APISENSOR: Robust Discovery of Web API from Runtime Traffic Logs
Yanjing Yang, Chenxing Zhong, Ke Han, Zeru Cheng, Jinwei Xu, Xin Zhou, He Zhang, Bohan Liu
Abstract
Large Language Model (LLM)-based agents increasingly rely on APIs to operate complex web applications, but rapid evolution often leads to incomplete or inconsistent API documentation.
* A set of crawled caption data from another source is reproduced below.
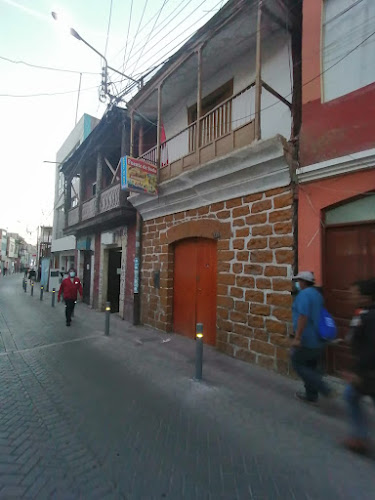 Fuente de Soda El Balcón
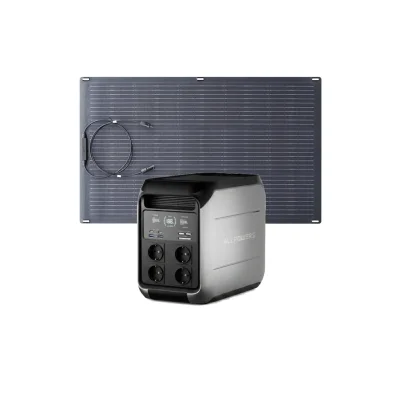 ALLPOWERS 1800W Générateur Solaire P1800 avec SF200 PV200W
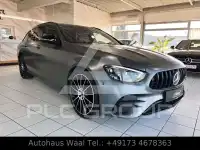 2021 Mercedes Benz E 400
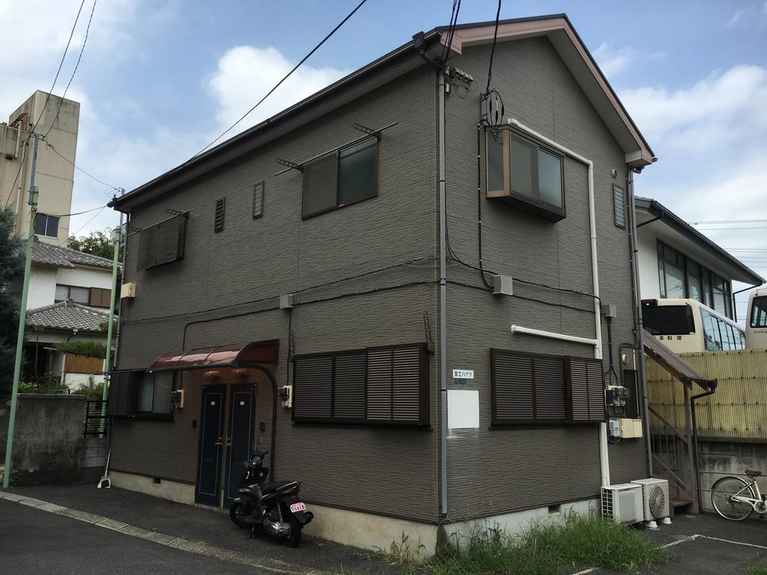 富士ハイツ 外観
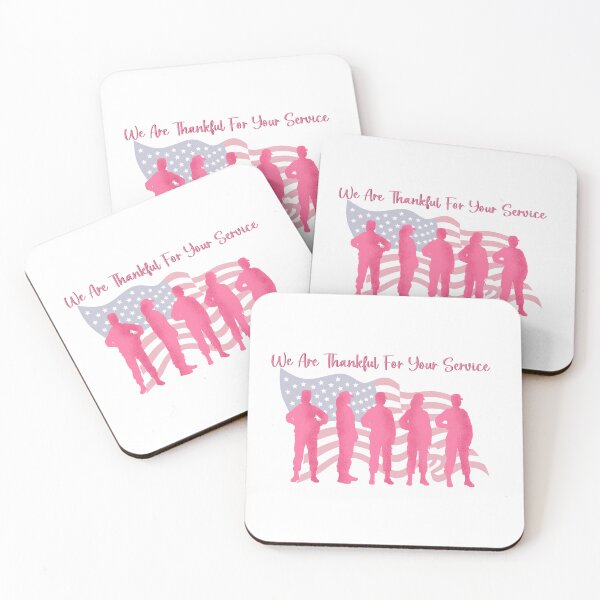 Item preview, Thanking all women in service to our country designed and sold by DonnaRaquel.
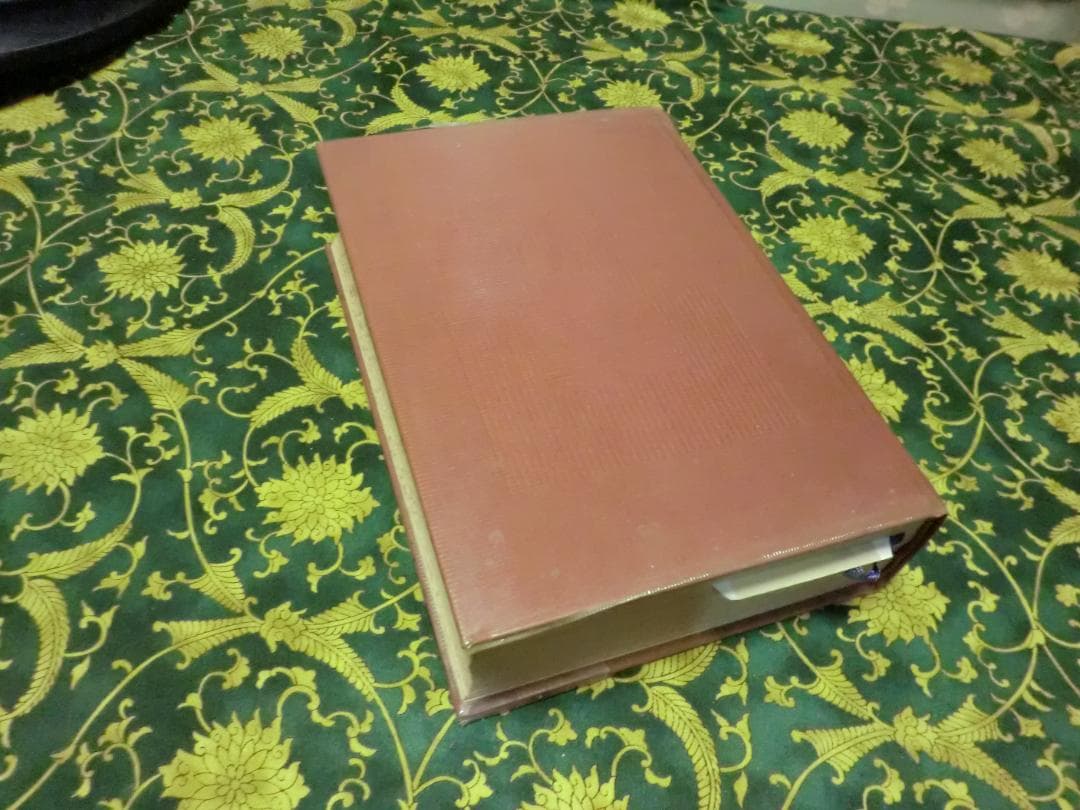 つげ義春選集・特製金属しおり付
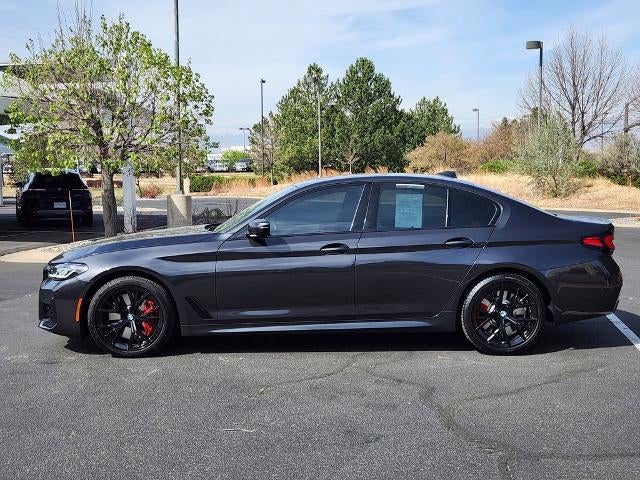 2023 BMW 540i xDrive Sedan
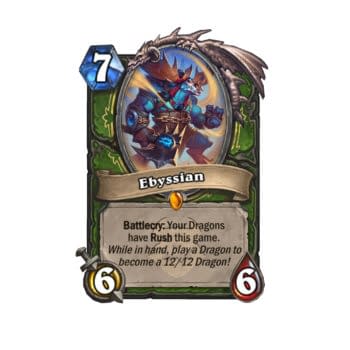Hearthstone – Cataclysm Expansion Launches With New Cinematic Trailer
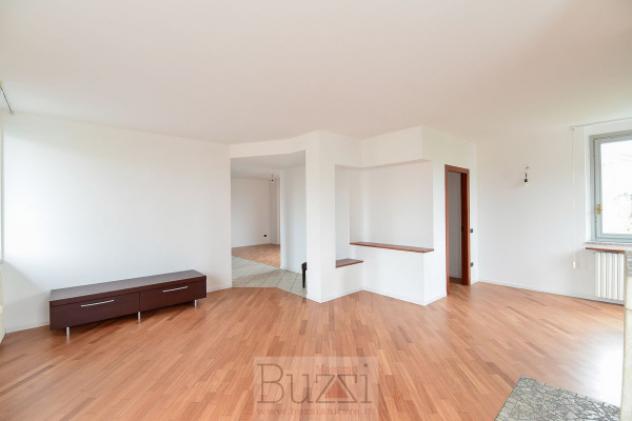 Attico / Mansarda di 125 m² con 3 locali e box auto doppio in vendita a Seregno - Foto 14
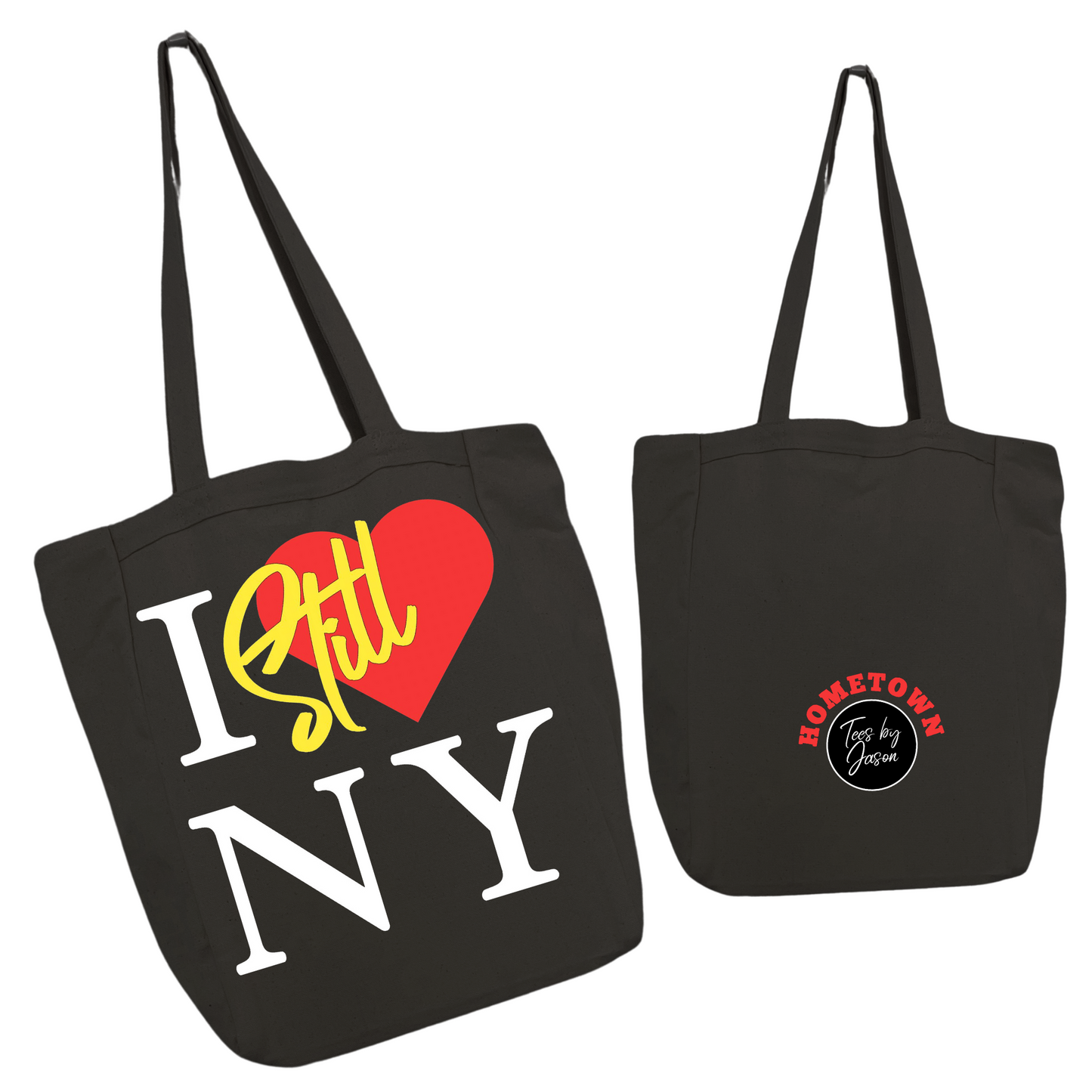 I Still Heart New York Tote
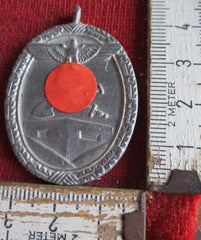 Deutsches Schutzwall Ehrenzeichen Orden Für Arbeit zum Schutze Deutschlands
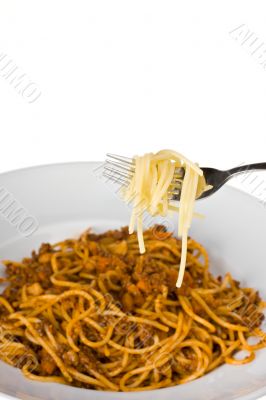 spaghetti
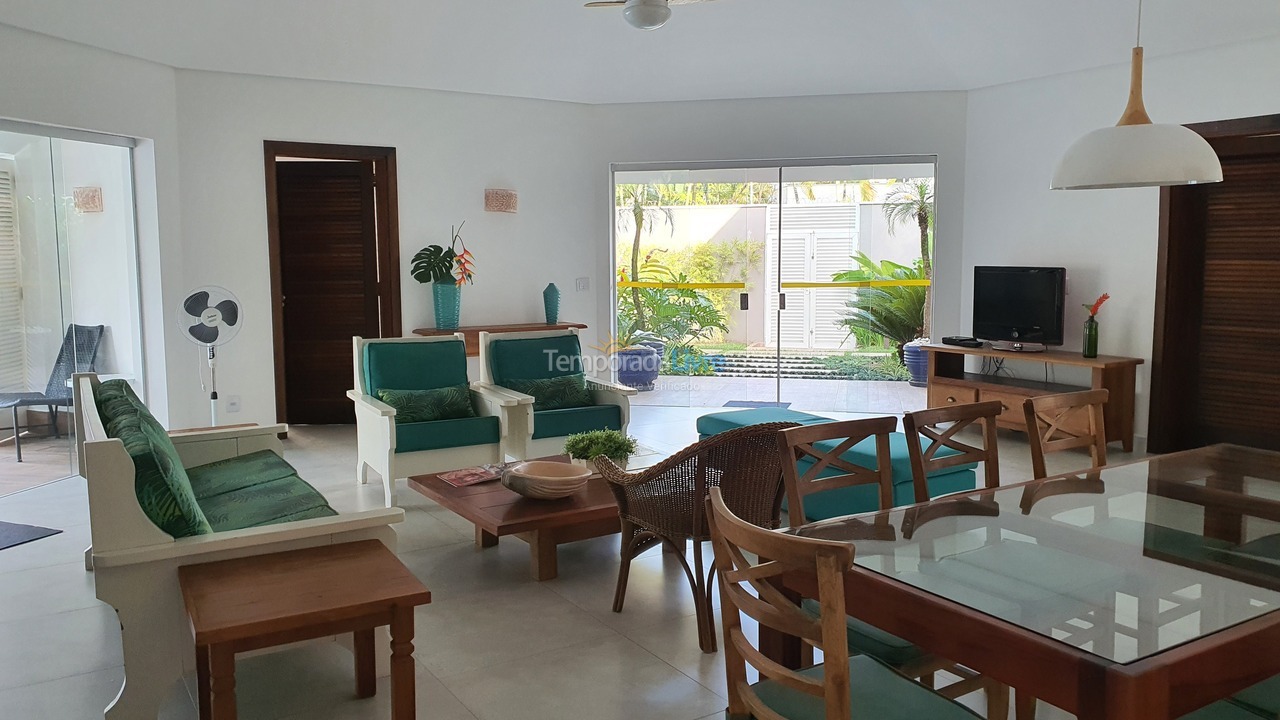 Casa para aluguel de temporada em Guarujá (Enseada)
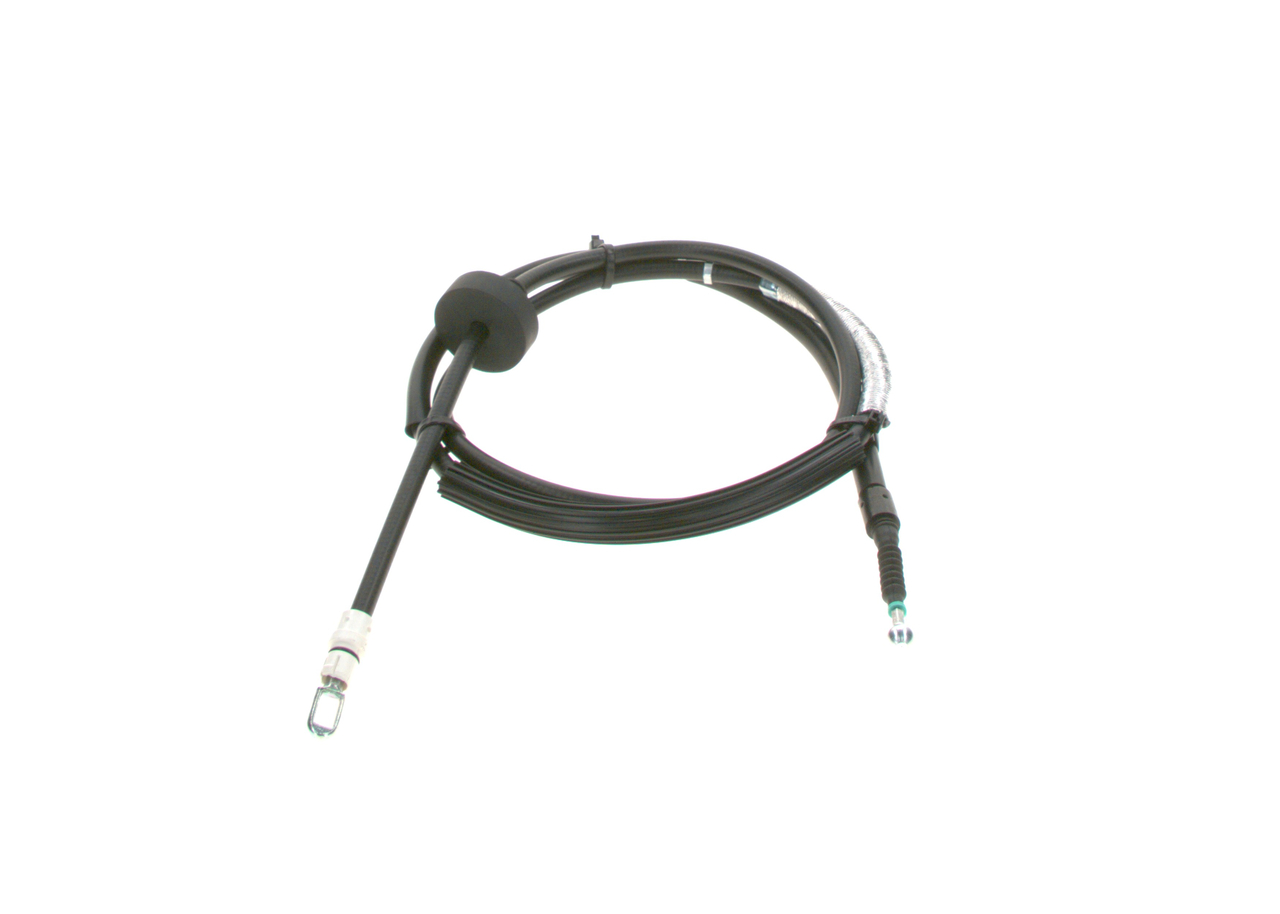 Great value for money - BOSCH Hand brake cable 1 987 477 922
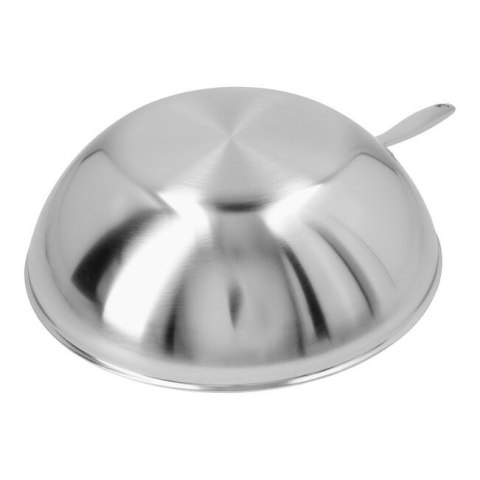 Wok stalowy Demeyere Industry 5 - 30 cm Wok stalowy Demeyere Industry 5 - 30 cm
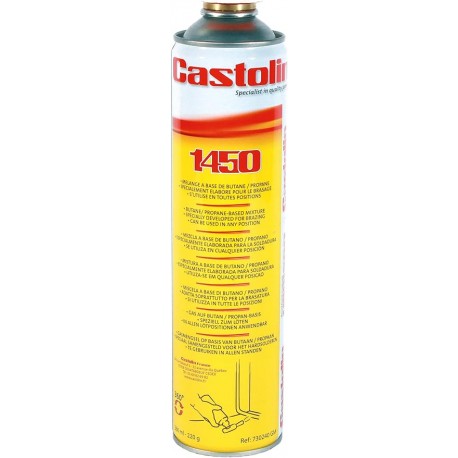 Cartucho de gas 1450 gm 320 ml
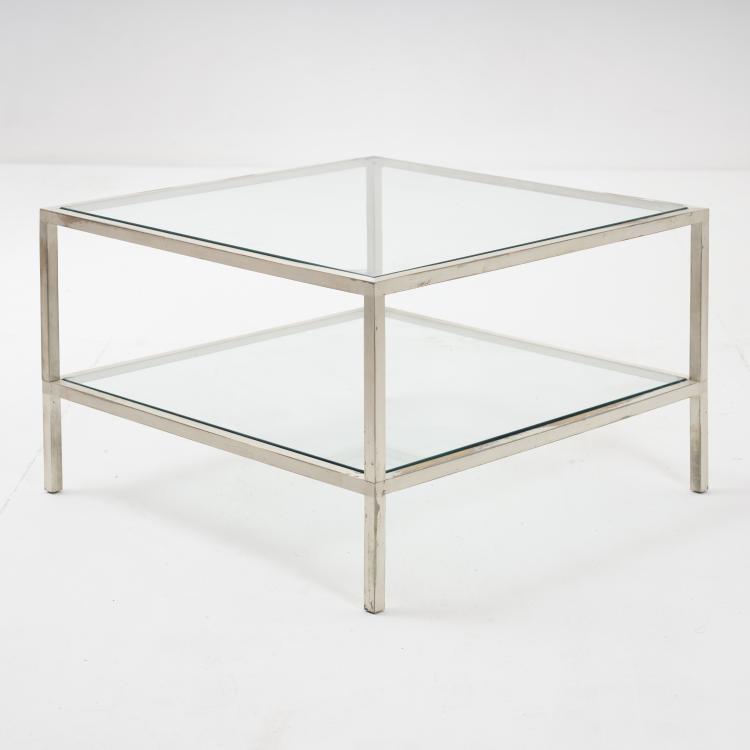 Hauptbild zu Objekt, Coffee table, 1970s, Lino Sabattini, 164O 123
Existing work falls into two categories: (1) static, white-box approaches based on source code or formal specifications, and (2) dynamic, black-box approaches that infer APIs from runtime traffic. Static approaches rely on internal artifacts, which are typically unavailable for closed-source systems, and often over-approximate API usage, resulting in high false-positive rates. Although dynamic black-box API discovery applies broadly, its robustness degrades in complex environments where shared collection points aggregate traffic from multiple applications. To improve robustness under mixed runtime traffic, we propose APISENSOR, a black-box API discovery framework that reconstructs application APIs unsupervised. APISENSOR performs structured analysis over complex traffic, combining traffic denoising and normalization with a graph-based two-stage clustering process to recover accurate APIs. We evaluated APISENSOR across six web applications using over 10,000 runtime requests with simulated mixed-traffic noise. Results demonstrate that APISENSOR significantly improves discovery accuracy, achieving an average Group Accuracy Precision of 95.92% and an F1-score of 94.91%, outperforming state-of-the-art methods. Across different applications and noise settings, APISENSOR achieves the lowest performance variance and at most an 8.11-point FGA drop, demonstrating the best robustness among 10 baselines. Ablation studies confirm that each component is essential. Furthermore, APISENSOR revealed API documentation inconsistencies in a real application, later confirmed by community developers.